#### Work to complete:
Print the listing below a second time, exactly, and omit its images.

#### Data provided:
<<<<
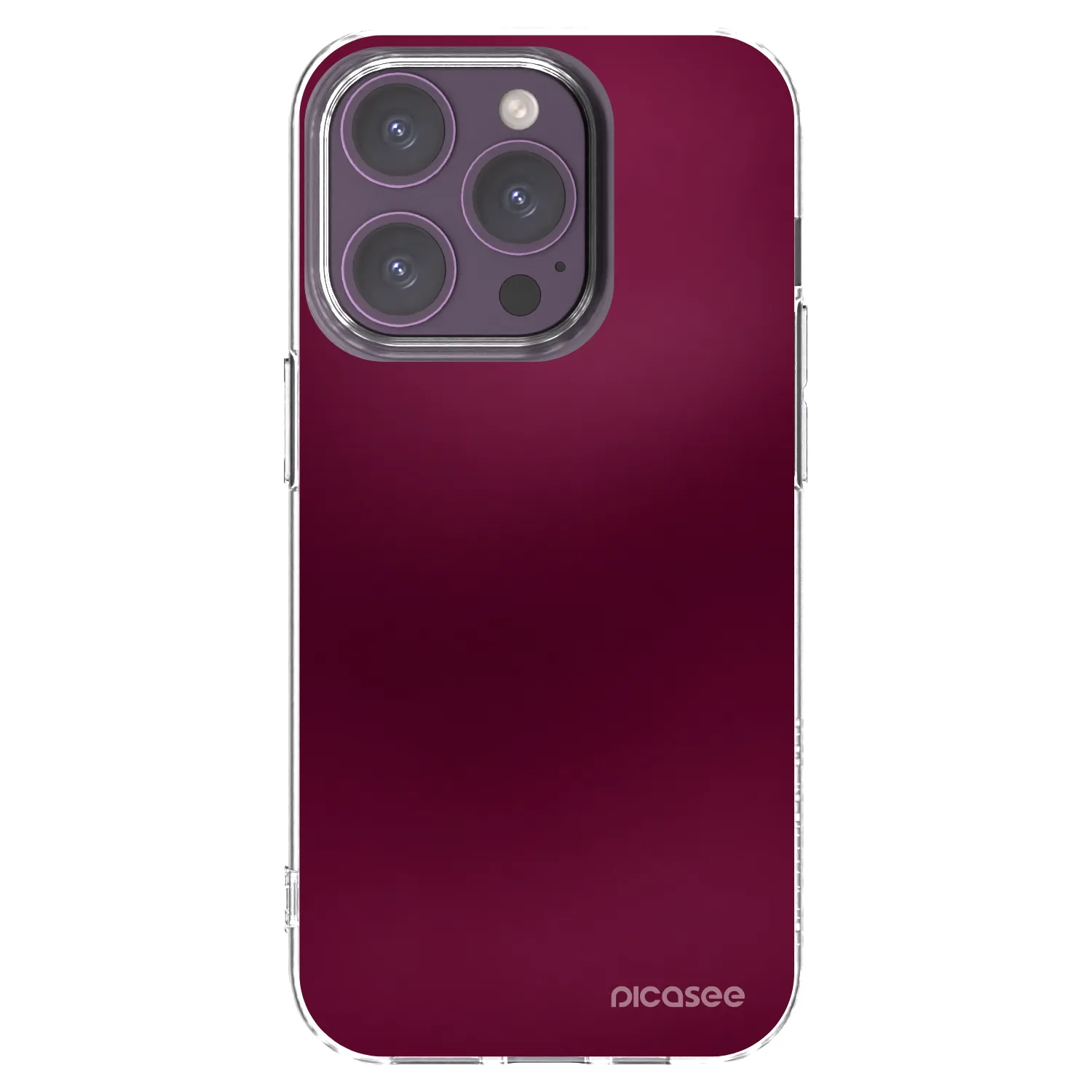 Picasee Apple iPhone 14 Pro Hülle - Transparentes Silikon - Velvet Bordeaux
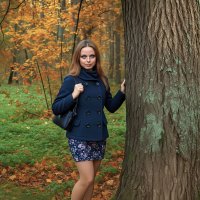 Настя осень :: Сергей Настя осень :: Сергей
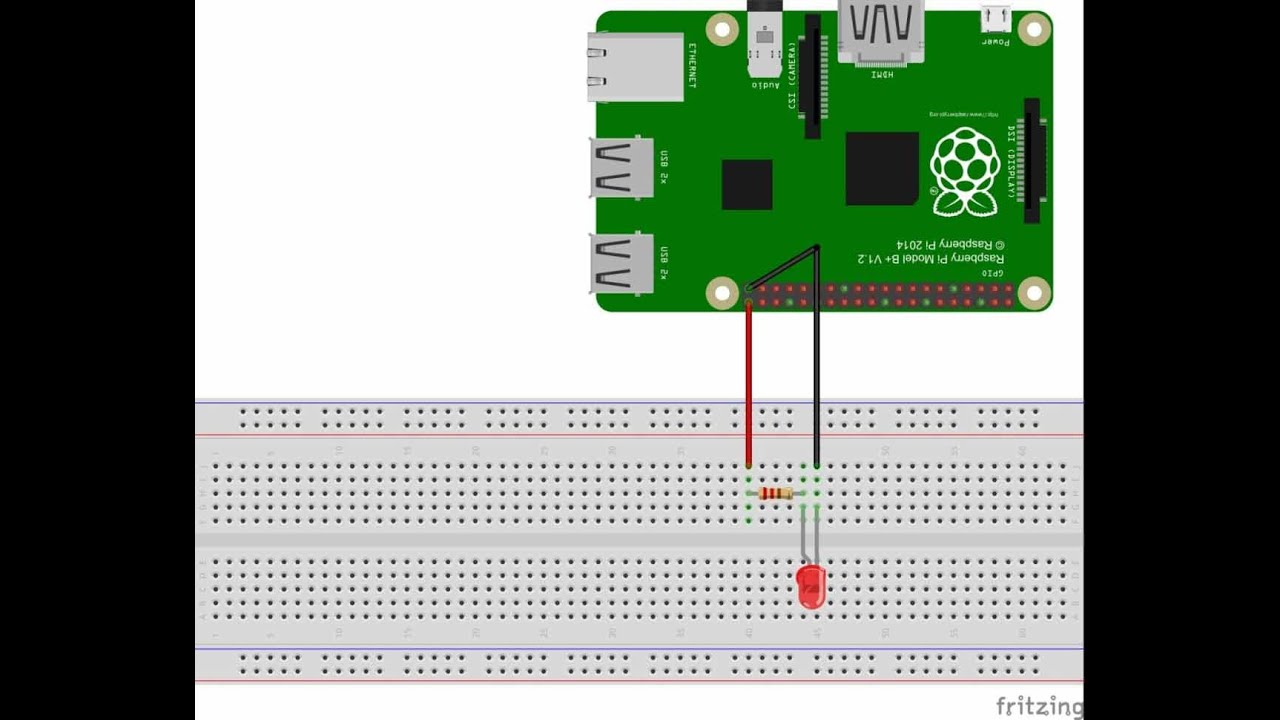 Video thumbnail for Blinking LED with Raspberry Pi Using Python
>>>>
#### Problem solution:
 Picasee Apple iPhone 14 Pro Hülle - Transparentes Silikon - Velvet Bordeaux
 Настя осень :: Сергей Настя осень :: Сергей
 Video thumbnail for Blinking LED with Raspberry Pi Using Python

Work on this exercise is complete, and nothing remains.